What is expected: Only the records, exactly as written, belong in the answer; pictures do not.

Exercise inputs:
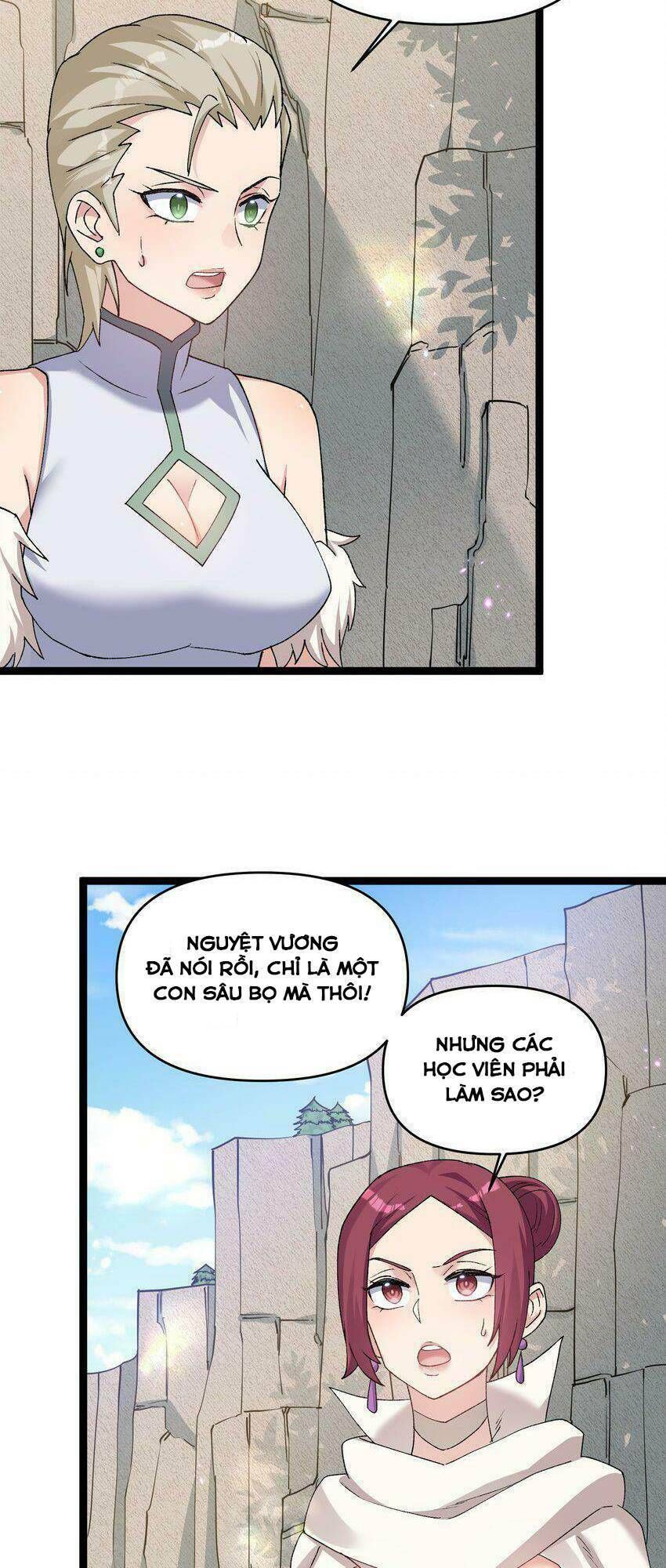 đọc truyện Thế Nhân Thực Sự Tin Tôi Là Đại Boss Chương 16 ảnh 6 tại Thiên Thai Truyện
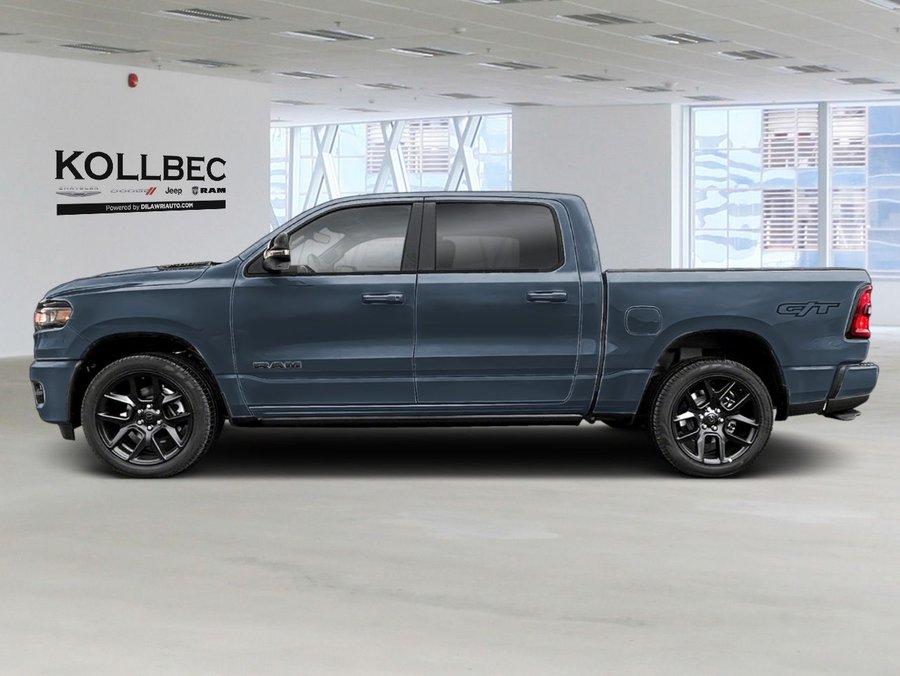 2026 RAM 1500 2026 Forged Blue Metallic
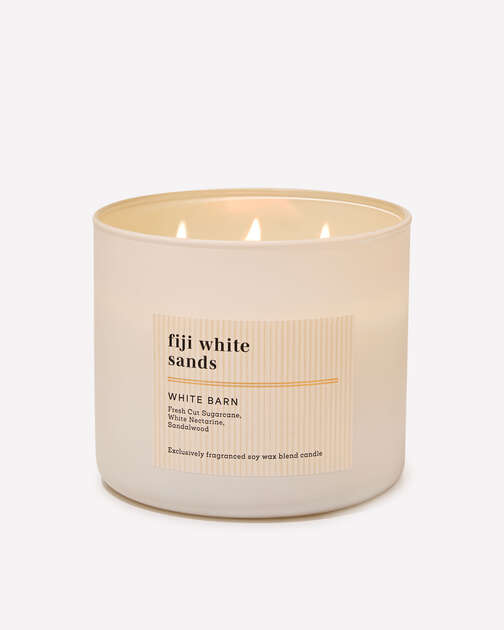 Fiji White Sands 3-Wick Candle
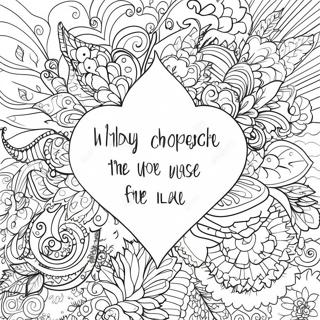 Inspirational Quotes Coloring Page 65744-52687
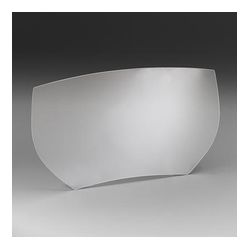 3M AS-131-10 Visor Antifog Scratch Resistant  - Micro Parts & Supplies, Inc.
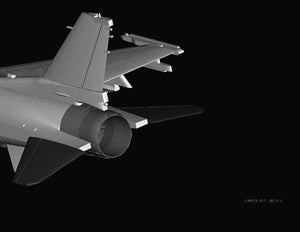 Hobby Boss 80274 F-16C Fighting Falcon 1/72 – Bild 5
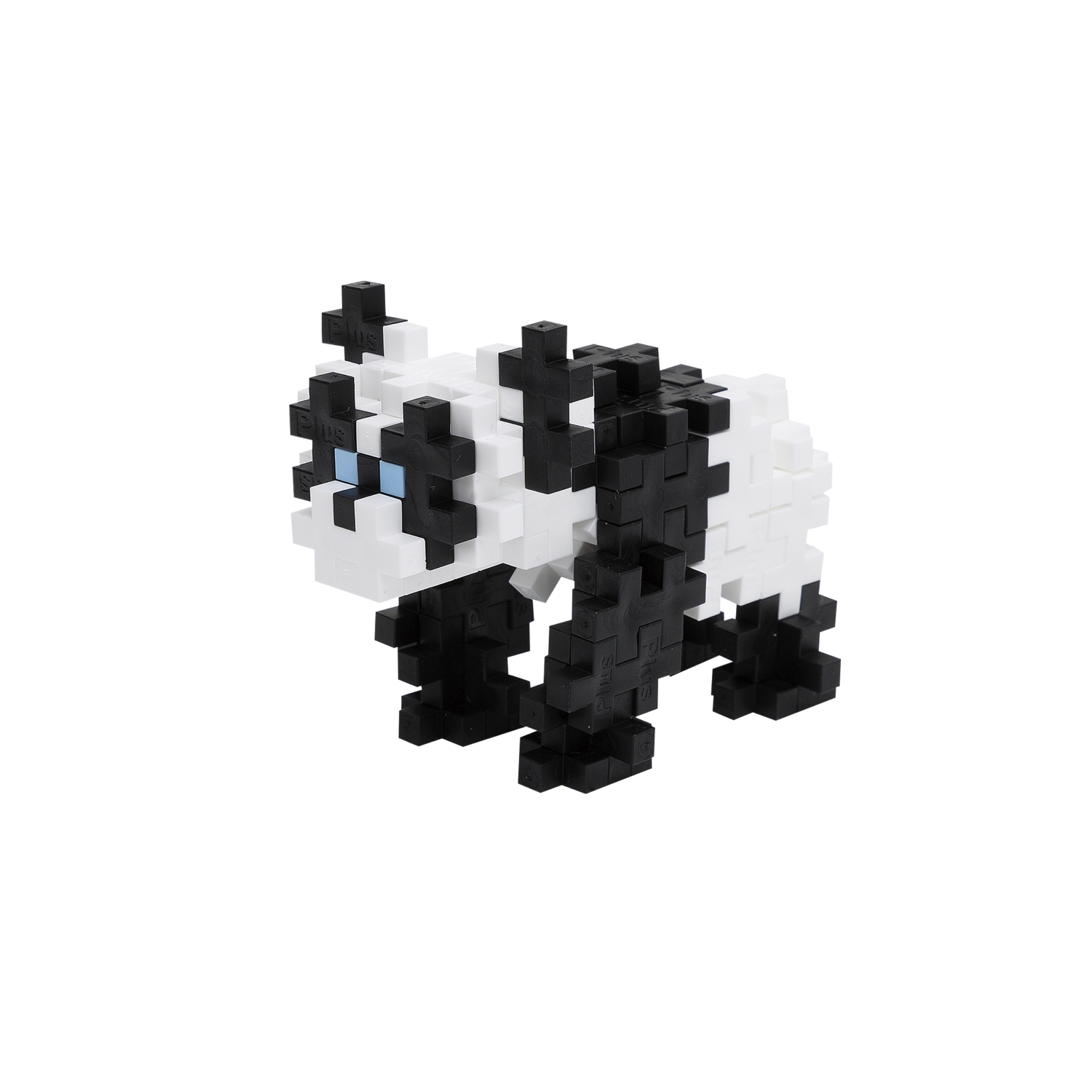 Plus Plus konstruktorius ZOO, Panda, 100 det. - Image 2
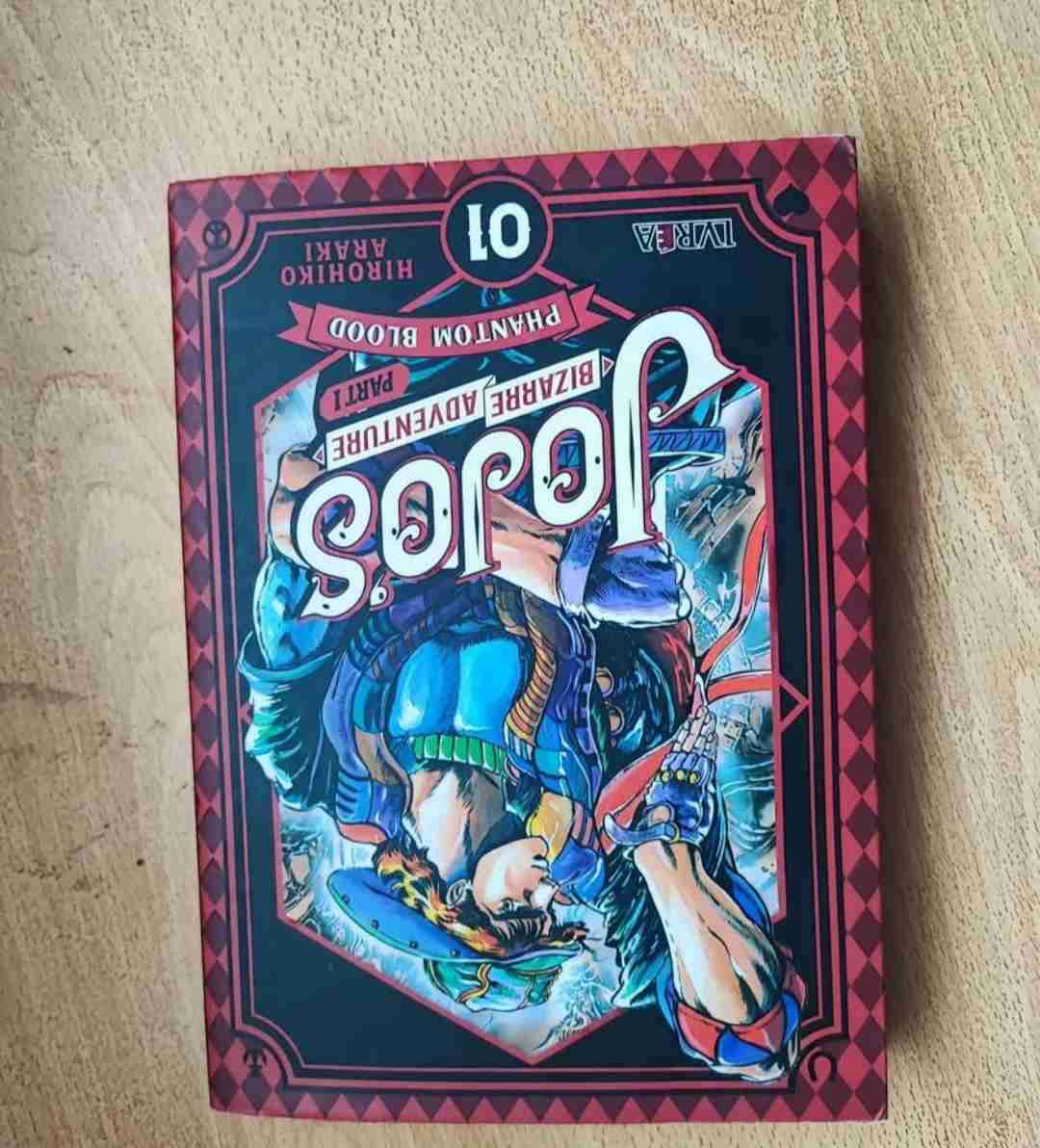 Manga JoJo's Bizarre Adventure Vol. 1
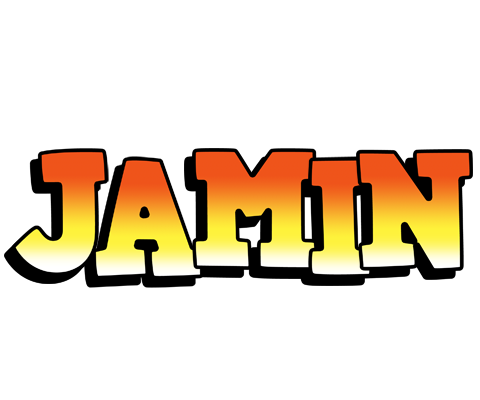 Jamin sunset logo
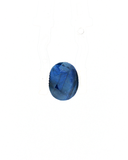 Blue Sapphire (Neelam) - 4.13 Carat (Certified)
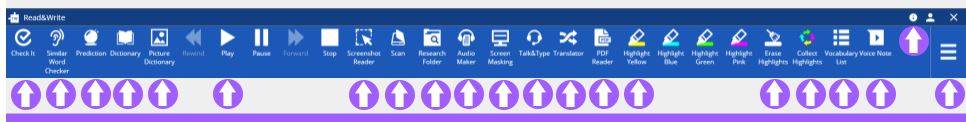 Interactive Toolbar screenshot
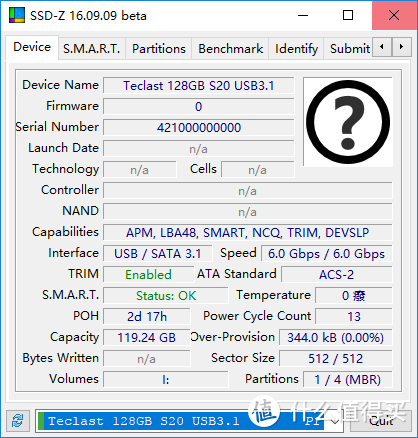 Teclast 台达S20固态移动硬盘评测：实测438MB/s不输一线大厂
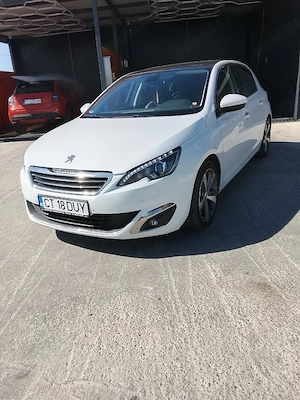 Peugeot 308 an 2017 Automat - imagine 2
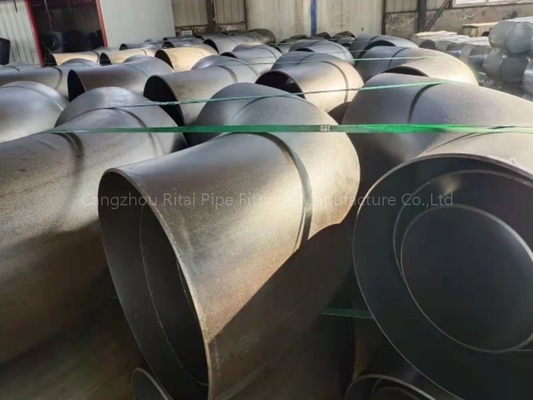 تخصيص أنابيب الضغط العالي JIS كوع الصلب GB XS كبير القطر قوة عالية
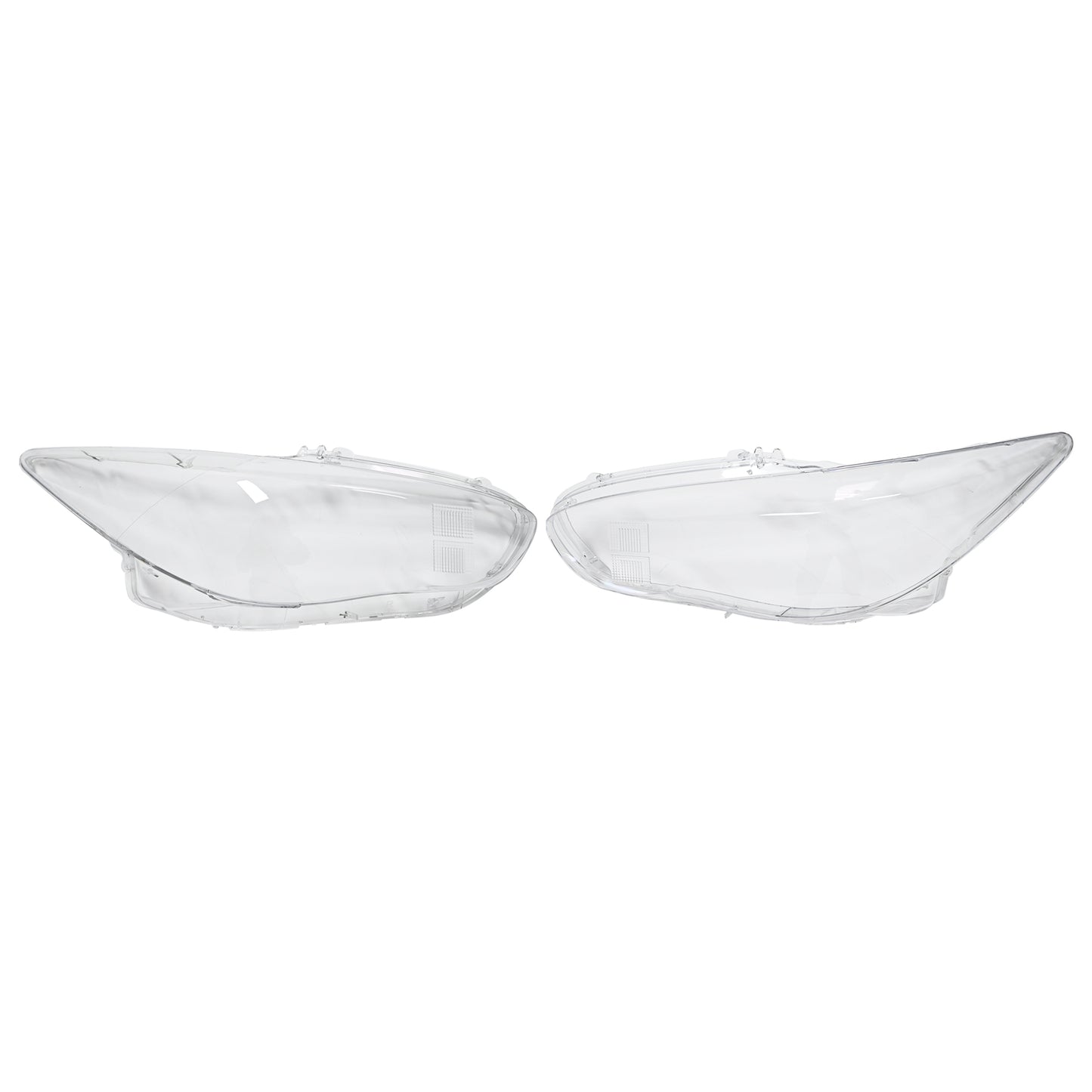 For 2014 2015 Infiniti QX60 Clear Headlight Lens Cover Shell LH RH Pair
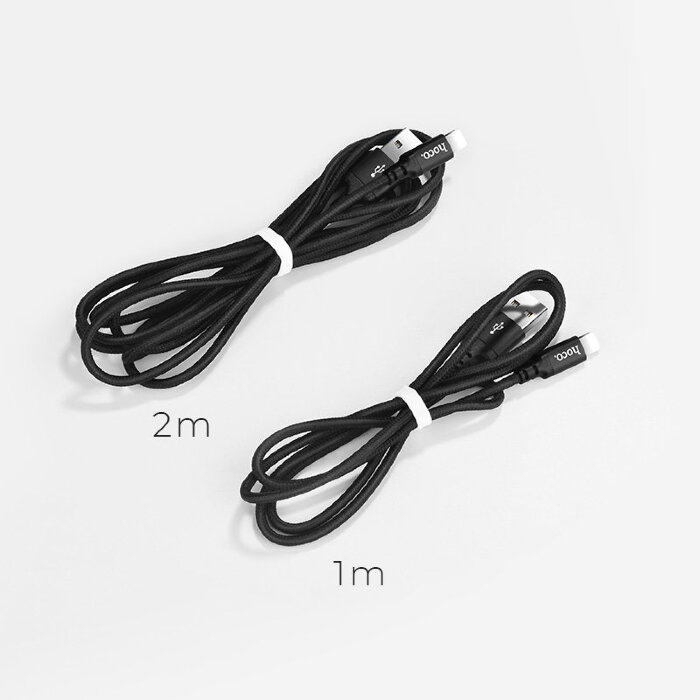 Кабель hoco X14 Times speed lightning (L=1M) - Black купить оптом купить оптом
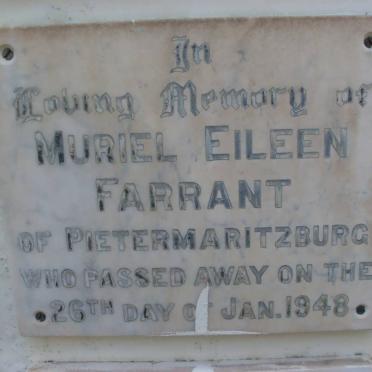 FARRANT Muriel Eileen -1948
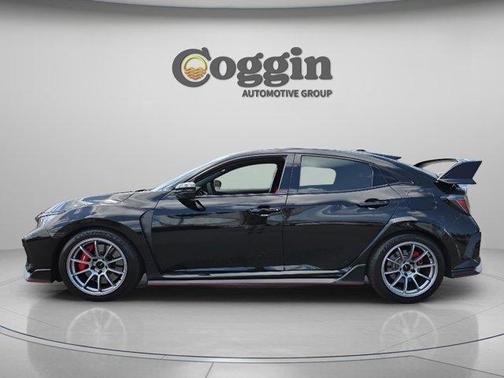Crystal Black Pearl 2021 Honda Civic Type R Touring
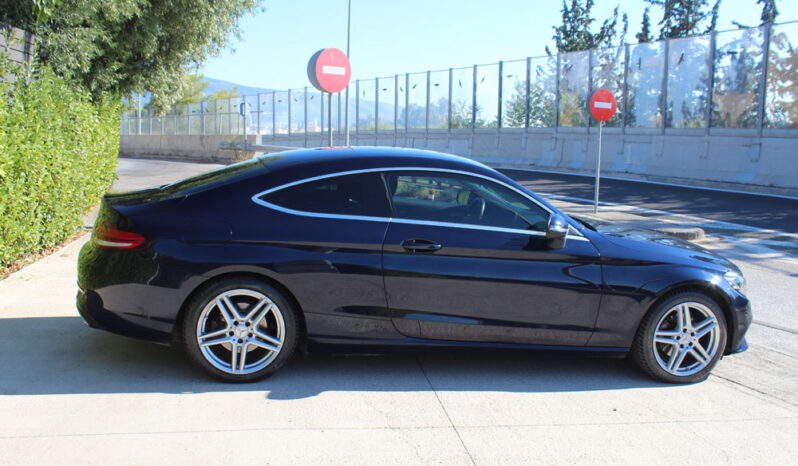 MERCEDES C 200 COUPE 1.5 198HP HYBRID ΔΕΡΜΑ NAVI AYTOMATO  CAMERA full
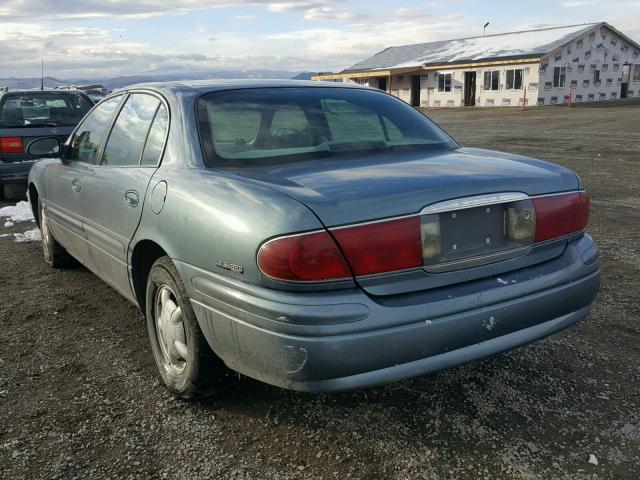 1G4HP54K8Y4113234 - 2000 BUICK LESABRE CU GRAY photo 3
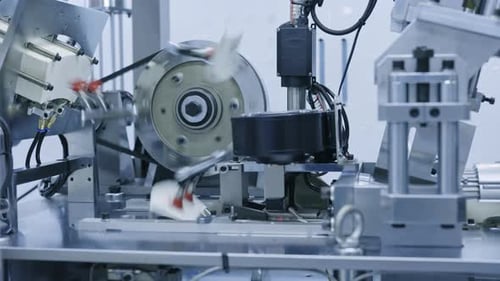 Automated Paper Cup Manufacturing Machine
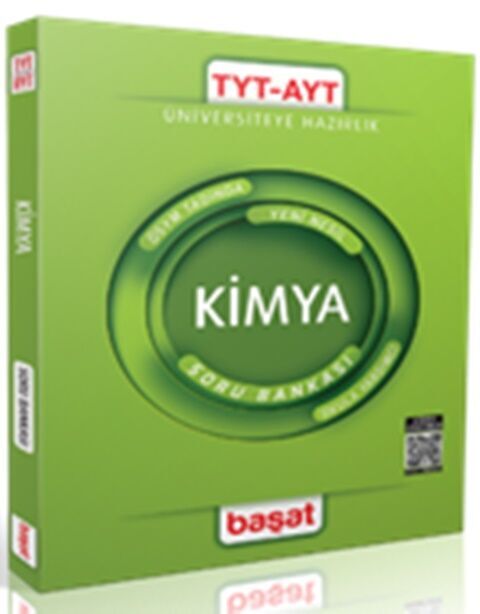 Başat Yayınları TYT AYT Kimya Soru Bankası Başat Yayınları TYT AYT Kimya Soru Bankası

Solved problem:
 đọc truyện Thế Nhân Thực Sự Tin Tôi Là Đại Boss Chương 16 ảnh 6 tại Thiên Thai Truyện
 2026 RAM 1500 2026 Forged Blue Metallic
 Fiji White Sands 3-Wick Candle
 Inspirational Quotes Coloring Page 65744-52687
 3M AS-131-10 Visor Antifog Scratch Resistant  - Micro Parts & Supplies, Inc.
 Hobby Boss 80274 F-16C Fighting Falcon 1/72 – Bild 5
 Plus Plus konstruktorius ZOO, Panda, 100 det. - Image 2
 Manga JoJo's Bizarre Adventure Vol. 1
 Jamin sunset logo
 Blue Sapphire (Neelam) - 4.13 Carat (Certified)
 Interactive Toolbar screenshot
 Teclast 台达S20固态移动硬盘评测：实测438MB/s不输一线大厂
 Peugeot 308 an 2017 Automat - imagine 2
 تخصيص أنابيب الضغط العالي JIS كوع الصلب GB XS كبير القطر قوة عالية
 For 2014 2015 Infiniti QX60 Clear Headlight Lens Cover Shell LH RH Pair
 Кабель hoco X14 Times speed lightning (L=1M) - Black купить оптом купить оптом
 FARRANT Muriel Eileen -1948
Crystal Black Pearl 2021 Honda Civic Type R Touring
 MERCEDES C 200 COUPE 1.5 198HP HYBRID ΔΕΡΜΑ NAVI AYTOMATO  CAMERA full
 1G4HP54K8Y4113234 - 2000 BUICK LESABRE CU GRAY photo 3
 Automated Paper Cup Manufacturing Machine
 Başat Yayınları TYT AYT Kimya Soru Bankası Başat Yayınları TYT AYT Kimya Soru Bankası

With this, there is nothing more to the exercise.